Last month, ocean leaders from various sectors across the planet convened in the week-long II UN Ocean Conference (UNOC – Lisbon, Portugal, 27th June to 1st July). The broad conference theme, “Scaling Up Ocean Action Based on Science and Innovation for the Implementation of Goal 14: Stocktaking, Partnerships and Solutions”, set the stage for the negotiation and agreement on a high-level Political Declaration entitled “Our ocean, our future, our responsibility”.
Two projects funded by the European Research Council (ERC-COG TRADITION, ERC Synergy Grant 4-OCEANS) highlighted the importance of long-term human-ocean interactions as the foundation of present day local traditional knowledge, which is gaining prominence in ocean management.

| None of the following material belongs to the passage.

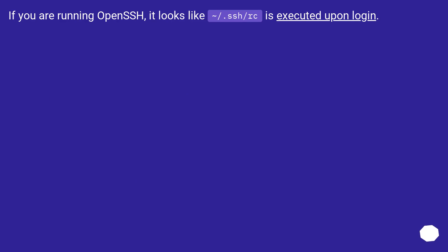If you are running OpenSSH, it looks like ~/.ssh/rc is executed upon login.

These past interactions must be understood in order to “Recognize the important role of indigenous, traditional and local knowledge, innovation and practices of indigenous peoples and local communities, as well as the role of social science in planning, decision-making and implementation” (article 14.a of the Political declaration).
Leopoldo Gerhardinger (ERC-COG TRADITION) delivered a plenary intervention and a written statement entitled “Bridging Shades of Blue”, which was also endorsed by the International Science Council, Ocean Knowledge-Action Network and its International Project Office, Future Earth project, Brazilian Future Ocean Panel, The Oceanographic Society, International Collective in Support of Fishworkers, Nova FCSH (Portugal), and Oceans Past Initiative. Cristina Brito (ERC Synergy Grant 4-OCEANS) delivered the manifesto “Humanities 4 the Ocean”, which was endorsed by the UNESCO Chair Ocean’s Cultural Heritage, Centre for the Humanities (NOVA FCSH), Trinity Centre for Environmental Humanities (TCD), Oceans Past Initiative, Humanities for the Environment Observatories, ERC TRADITION (Universitat Autònoma de Barcelona), ERC DUNES, Centre for History (University of Lisbon), Underwater Cultural Heritage of Stone Fish Weirs, Associação Para as Ciências do Mar, BRIDGES Sustainability Science Coalition, Ocean Decade Heritage Network, and Maritime Archaeology Trust (UK).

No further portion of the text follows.